Please return the data that follows precisely as written, but without the images.

== GIVEN INFORMATION ==

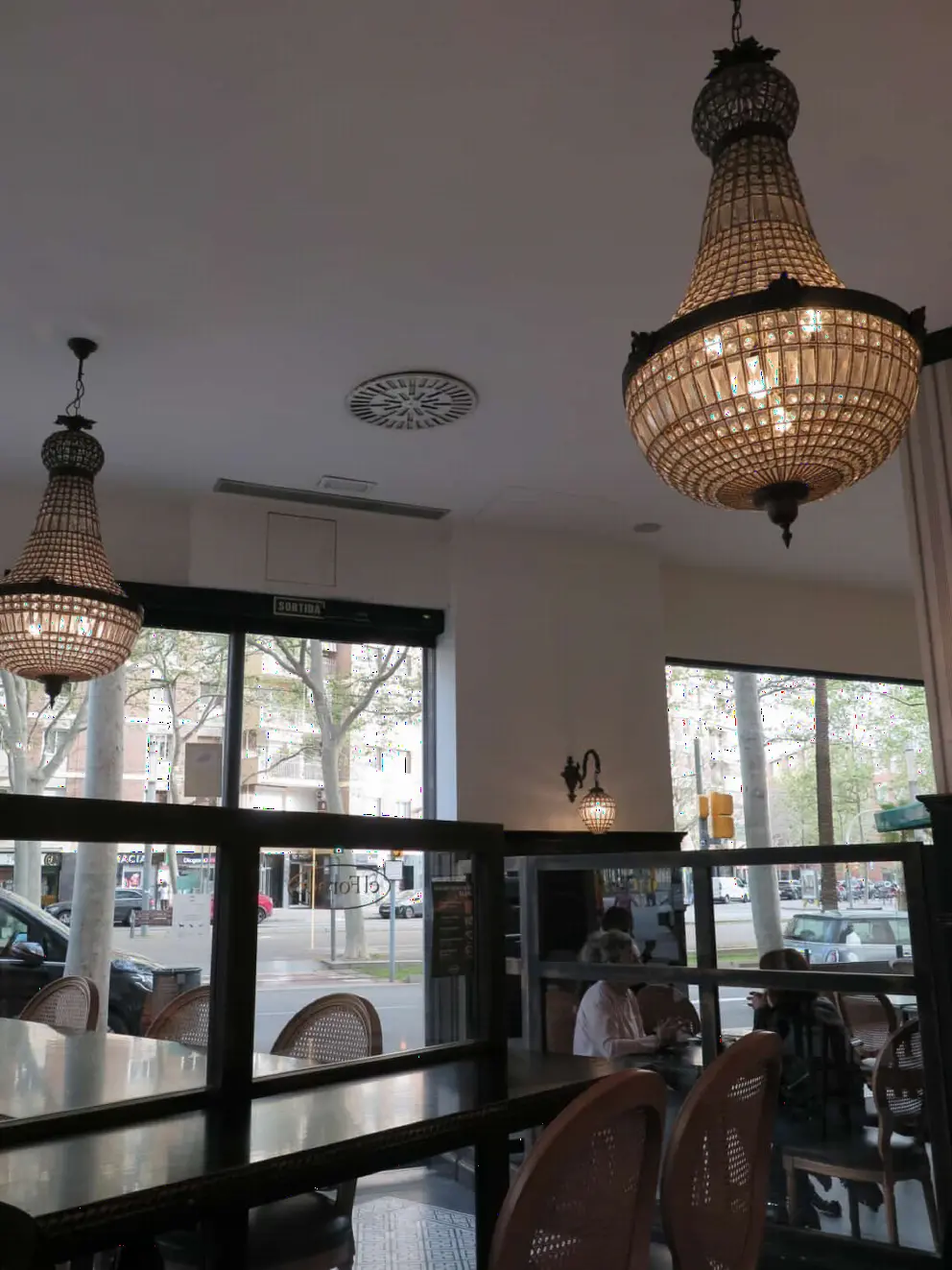Fancy chandeliers inside El Fornet Bakery. 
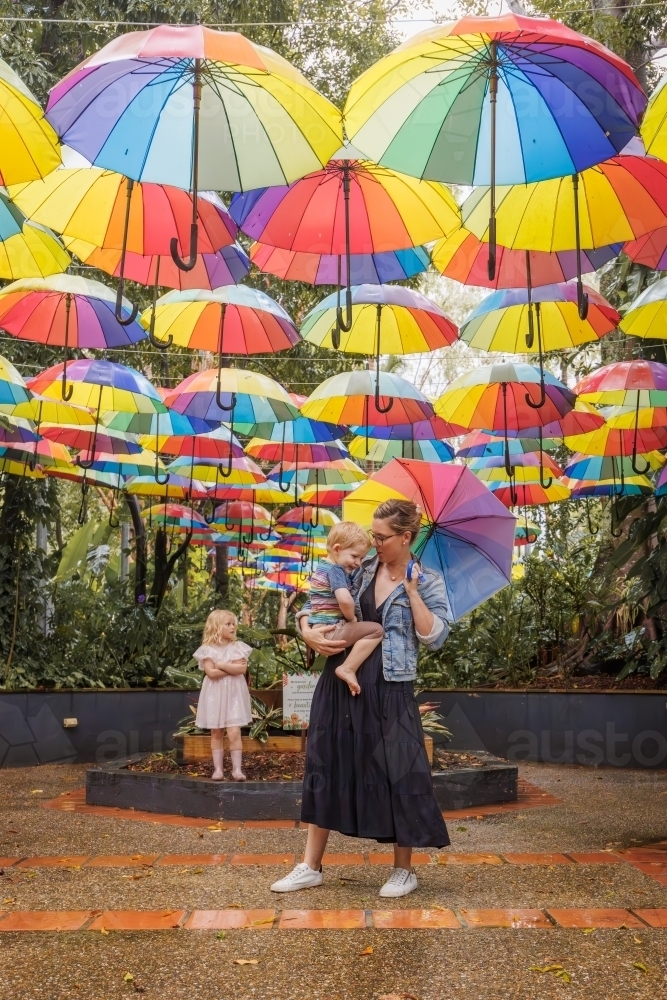 Mother and children under bright rainbow umbrella art installation in the rain - Australian Stock Image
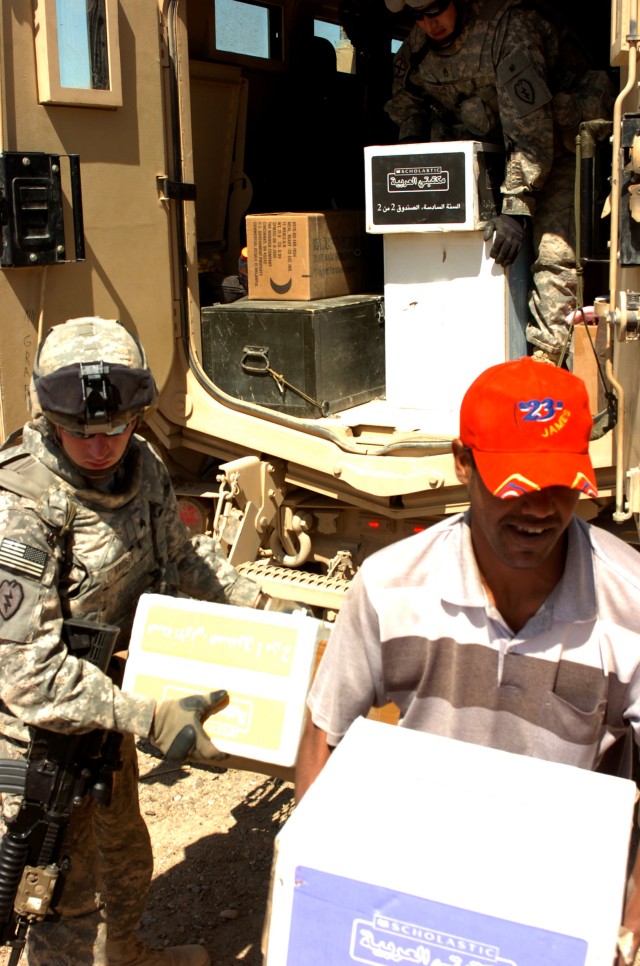 Tropic Lightning Security Detachment Donates Books to Local Tikrit Schools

===

## [TASK SOLUTION]
Fancy chandeliers inside El Fornet Bakery. 
 Mother and children under bright rainbow umbrella art installation in the rain - Australian Stock Image
 Tropic Lightning Security Detachment Donates Books to Local Tikrit Schools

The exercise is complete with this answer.